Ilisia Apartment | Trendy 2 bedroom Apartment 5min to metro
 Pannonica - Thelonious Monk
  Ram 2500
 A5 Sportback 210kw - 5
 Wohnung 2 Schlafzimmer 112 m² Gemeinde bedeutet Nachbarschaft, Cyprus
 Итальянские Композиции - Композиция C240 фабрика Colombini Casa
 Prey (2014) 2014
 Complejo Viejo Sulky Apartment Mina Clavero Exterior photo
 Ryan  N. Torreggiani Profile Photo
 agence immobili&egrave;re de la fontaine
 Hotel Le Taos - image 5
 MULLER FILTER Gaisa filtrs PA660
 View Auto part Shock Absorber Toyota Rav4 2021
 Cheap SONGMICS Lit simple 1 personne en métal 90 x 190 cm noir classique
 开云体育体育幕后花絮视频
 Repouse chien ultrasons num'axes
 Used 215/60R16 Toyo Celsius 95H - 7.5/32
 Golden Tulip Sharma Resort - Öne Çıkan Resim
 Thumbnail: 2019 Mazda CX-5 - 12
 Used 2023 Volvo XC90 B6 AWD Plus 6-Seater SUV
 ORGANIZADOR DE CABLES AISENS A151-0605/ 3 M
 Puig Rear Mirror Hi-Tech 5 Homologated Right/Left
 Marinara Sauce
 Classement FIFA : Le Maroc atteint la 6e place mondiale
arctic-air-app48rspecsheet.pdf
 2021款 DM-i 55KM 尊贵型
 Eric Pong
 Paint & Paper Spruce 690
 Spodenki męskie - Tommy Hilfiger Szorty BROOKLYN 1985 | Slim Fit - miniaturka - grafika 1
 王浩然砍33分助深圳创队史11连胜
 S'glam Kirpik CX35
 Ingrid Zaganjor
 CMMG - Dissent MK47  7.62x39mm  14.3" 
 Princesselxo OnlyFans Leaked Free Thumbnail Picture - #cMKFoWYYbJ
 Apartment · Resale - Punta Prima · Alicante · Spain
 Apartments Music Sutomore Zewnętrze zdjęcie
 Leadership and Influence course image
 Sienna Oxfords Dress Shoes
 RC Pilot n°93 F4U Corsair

--*--

## Problem statement:
Wherever the string "Used" appears in the records above, copy the line it sits in.

## Answer space:
 Used 215/60R16 Toyo Celsius 95H - 7.5/32
 Used 2023 Volvo XC90 B6 AWD Plus 6-Seater SUV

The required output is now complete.